Uma das séries de TV mais queridas de todos os tempos está prestes a nos entregar uma leva de 10 novos episódios, 17 anos depois. Dia 9 de dezembro, chega à HBO Max a aguardada “And Just Like That”, derivada de “Sex And The City”, trazendo de volta Carrie Bradshaw, Miranda Hobbes, Charlotte York e outros icônicos personagens.
Não há como negar que a aclamada série foi um marco para o público feminino desde a sua estreia. Confesso que fui (ok, ainda sou) bastante fã! Mas, maratonando os 94 episódios em pleno 2021, fiquei bem constrangida de perceber que eu me identificava tanto com a protagonista Carrie Bradshaw. Tinha ela como uma inspiração, principalmente quando o assunto era relacionamentos.

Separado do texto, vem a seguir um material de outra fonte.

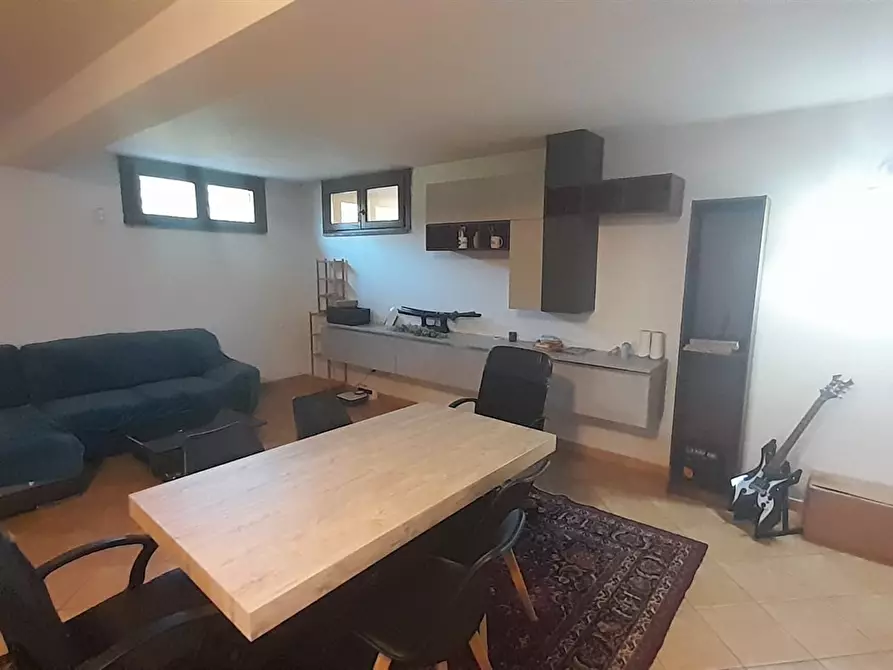 Immagine 8 di Villa in vendita  a Bracciano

Nos últimos anos, sobraram artigos criticando diversos pontos de SATC, desde a falta de diversidade étnica do elenco (como se não existissem negros em Manhattan) até o apontamento de diversas falas machistas, homofóbicas e racistas nos discursos do quarteto principal. E, para uma série tida como tão progressista, é triste, mas é verdade. “Sex And The City” é um produto do seu tempo, não há como negar. Ela reflete o final dos anos 90, buscando estar à frente nas discussões, mas ainda muito longe da dita ‘desconstrução’.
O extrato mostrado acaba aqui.